Proza, Recensies

‘Mijn vak zal zijn: krankzinnig worden’

Aantekeningen uit het gesticht

Christine Lavant

Eerst alleen ‘ongeneeslijk zieke psychiatrische patiënten’, later ook ‘oude mensen, hartpatiënten, mensen met kwaadaardige gezwellen die arbeiders waren geweest en van de steun hadden geleefd’ en zelfs ‘patiënten die zich om een of andere reden hinderlijk gedroegen en de sympathie van het personeel hadden verloren’. Meer dan vierhonderd doden hadden hoofdpsychiater Franz Niedermoser en drie collega-verplegers op hun geweten toen zij op 4 april 1946 veroordeeld werden tot de dood door ophanging. In het psychiatrisch ziekenhuis van Klagenfurt, in de Oostenrijkse provincie Karinthië, hadden ze voluit meegewerkt aan het nazistische Aktion T4-programma voor onvrijwillige euthanasie.

 

Innerlijke stilte

Elf jaar eerder, in 1935, verbleef een twintigjarige Oostenrijkse zes weken lang uit vrije wil in datzelfde ziekenhuis. Ze wilde er herstellen van een zelfmoordpoging – ze nam dertig slaappillen; toch werd ze wakker. In de voorgaande jaren was ze begonnen gedichten te publiceren in een tijdschrift; het manuscript van een autobiografisch verhaal dat ze afwerkte werd eerst aanvaard, dan afgewezen door een uitgever uit Graz. Daarna vernietigde ze de tekst. Of er een oorzakelijk verband is tussen de afwijzing en de zelfmoordpoging is onzeker, maar het is niet onmogelijk.

Het meisje in kwestie heette Christine Thonhauser. Ze was het negende kind uit een straatarme mijnwerkersfamilie uit Wolfsberg en rolde van de ene ziekte in de andere. Een dokter gaf haar een boek van Rilke; het zette haar aan tot een obsessief schrijven, dat pas na de Tweede Wereldoorlog kon ontbolsteren. Om evidente redenen hield ze zich tijdens die oorlog zo onzichtbaar mogelijk – ze was, schreef ze, ‘veroordeeld, tot een volledige innerlijke stilte’ – en probeerde ze met breiwerk enige kost te verdienen.
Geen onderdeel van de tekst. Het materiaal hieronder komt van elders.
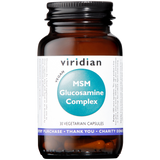 Viridian Glucosamine & MSM Veg Caps 30 size #390 Up To 30% Off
In haar meest productieve periode, van 1946 tot het einde van de jaren vijftig, schreef ze in heel intense periodes liefst 1200 bladzijden proza en 1700 gedichten bij elkaar. Thonhauser nam een pseudoniem aan, ‘Lavant’, naar de rivier en het dal in de streek waar ze opgroeide, en gaf in 1950 een opmerkelijk optreden op de cultuurdagen van de stad Sankt Veith. Vanaf dat moment zou ze te boek staan als een vooraanstaande Oostenrijkse dichteres. Tijdens haar carrière zou ze vier prijzen ontvangen: de Georg Trakl-prijs in 1954 én 1964, de Anton Wildgans-prijs, ook in 1964, en ten slotte de Grösser Österreichischer Staatspreis in 1970, drie jaar voor ze op achtenvijftigjarige leeftijd stierf.

 

Apologie voor het lijden

In de Lage Landen is Lavant grotendeels onbekend gebleven, al kan je haar werk wel terugvinden in bloemlezingen en verschenen er vertalingen van haar gedichten in de tijdschriften De Revisor, DW B en Poëziekrant. Tot voor kort was alleen een selectie van haar gedichten in boekvorm beschikbaar in het Nederlands: in 2004 publiceerden Stefaan en Anke van den Brempt bij uitgeverij P De wilde zijtak van de slaap. Maar de honderdste verjaardag van haar geboorte, in 2015, heeft in Oostenrijk tot een vernieuwde belangstelling voor haar oeuvre geleid, en tot de uitgave van een geannoteerd verzameld werk in vier delen. De Christine Lavant Gesellschaft richt sinds dat jaar ook de Christine Lavant Preis in, een prijs ter waarde van 15.000 euro die jaarlijks uitgereikt wordt aan een dichter of prozaschrijver die ‘einen hohen ästhetischen Anspruch mit humaner Haltung und gesellschaftskritischem Blick’ verenigt – iemand, kennelijk, als Judith Schalansky, de laureaat van 2020.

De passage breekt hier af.